The app will be available at https://errloom.dev

Build for Production

# Build the application
npm run build

# Preview the production build
npm run preview

🏗️ Project Structure

errloom/
├── public/
│   └── scenarios/          # YAML scenario definitions
│       ├── beginner/
│       │   ├── 404-error.yaml
│       │   ├── slow-api.yaml
│       │   ├── memory-leak.yaml
│       │   ├── cors-error.yaml
│       │   └── env-variable.yaml
│       ├── intermediate/
│       │   ├── db-pool-exhausted.yaml
│       │   ├── cache-stampede.yaml
│       │   ├── failed-deployment.yaml
│       │   ├── queue-backup.yaml
│       │   └── rate-limit-cascade.yaml
│       └── advanced/
│           ├── reddit-k8s-outage.yaml
│           ├── gitlab-data-loss.yaml
│           ├── discord-redis-failure.yaml
│           ├── aws-cascade-failure.yaml
│           └── cloudflare-bgp-hijack.yaml
├── src/
│   ├── components/         # React components
│   │   ├── ScenarioPlayer.tsx      # Main scenario player with timer
│   │   ├── TaskPanel.tsx           # Task handling (MCQ, code, logs)
│   │   ├── InteractiveLogViewer.tsx # Clickable log entries
│   │   ├── RealIncidentContext.tsx  # Real incident information
│   │   ├── ScenarioTimer.tsx        # Timer and performance tracking
│   │   ├── CodeEditor.tsx           # Monaco editor wrapper
│   │   └── TabNavigation.tsx        # Tab navigation component
│   ├── lib/
│   │   ├── types.ts                 # TypeScript type definitions
│   │   ├── scenarioLoader.ts        # YAML scenario loader
│   │   └── progressStore.ts         # Zustand store for progress tracking
│   ├── pages/
│   │   ├── Landing.tsx              # Landing page with dark theme
│   │   └── ScenarioList.tsx         # Scenario list with progress bar
│   ├── App.tsx
│   └── main.tsx                     # Entry point with Analytics
├── vercel.json             # Vercel deployment configuration
├── package.json
├── vite.config.ts
├── tailwind.config.js
└── tsconfig.json

📝 Contributing New Scenarios

Easy Contribution Process: Just add a YAML file! The scenario manifest auto-generates during build, and CI automatically validates your submission.

🎯 Use Our Template

We provide a comprehensive scenario template to get you started:

# Copy the template
cp scenarios/templates/scenario-template.yaml public/scenarios/beginner/my-scenario.yaml

# Edit your scenario
# See scenarios/templates/README.md for detailed guidance

📁 Sample Scenario Structure

Here's what a complete scenario looks like (e.g., public/scenarios/beginner/404-error.yaml):

public/scenarios/beginner/
└── 404-error.yaml          # Single YAML file defines everything!
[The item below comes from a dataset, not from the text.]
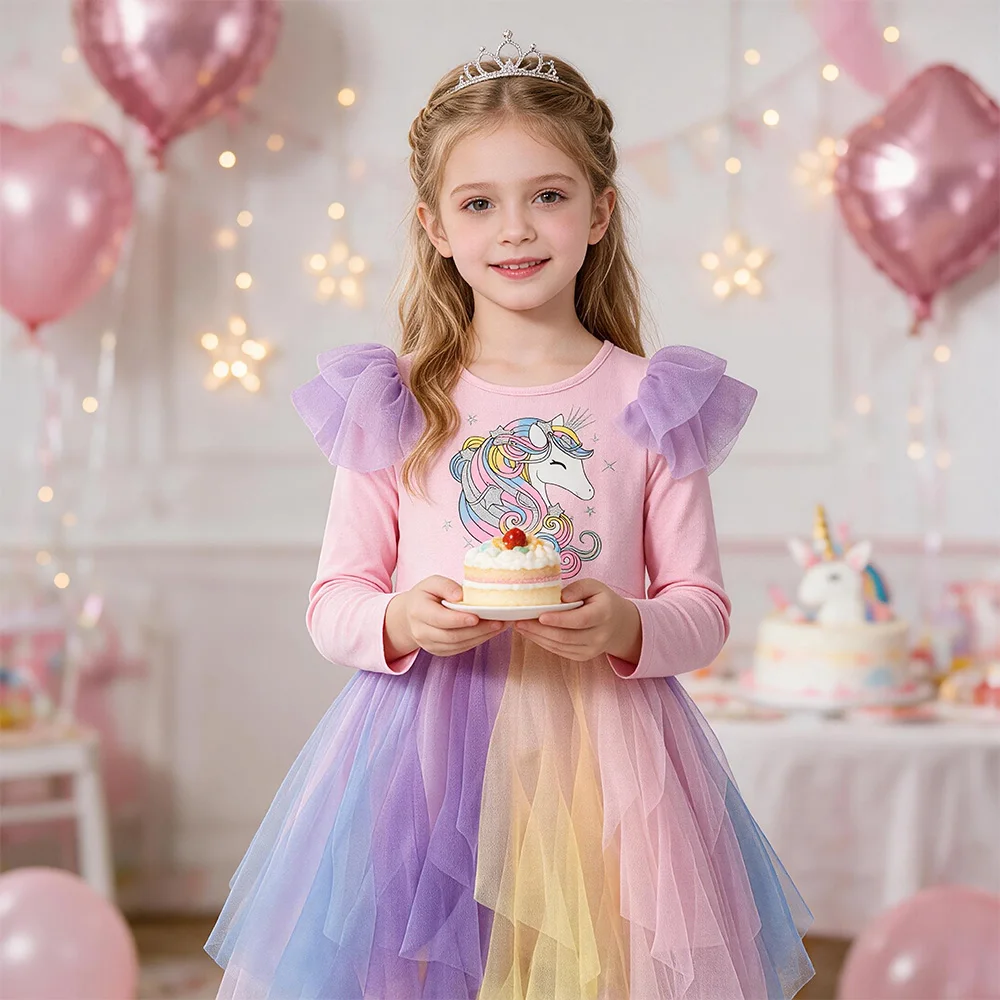 Mädchen Trompetenärmel Frühling Herbst Asymmetrisches Kleid Kinder Rosa Lila Regenbogen Farbverlauf Einhorn Party Prinzessin Tüllkleider – Detail 3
What gets tested when you submit:

  • ✅ YAML syntax validation
  • ✅ Required fields check (id, level, title, duration, description, teaches, context, tabs, tasks, completion)
  • ✅ ID matches filename
  • ✅ Level matches directory (beginner/intermediate/advanced)
  • ✅ Task validation strings (must_contain) actually appear in solutions
  • ✅ YAML linting for consistent formatting

All validation runs automatically via GitHub Actions when you open a PR!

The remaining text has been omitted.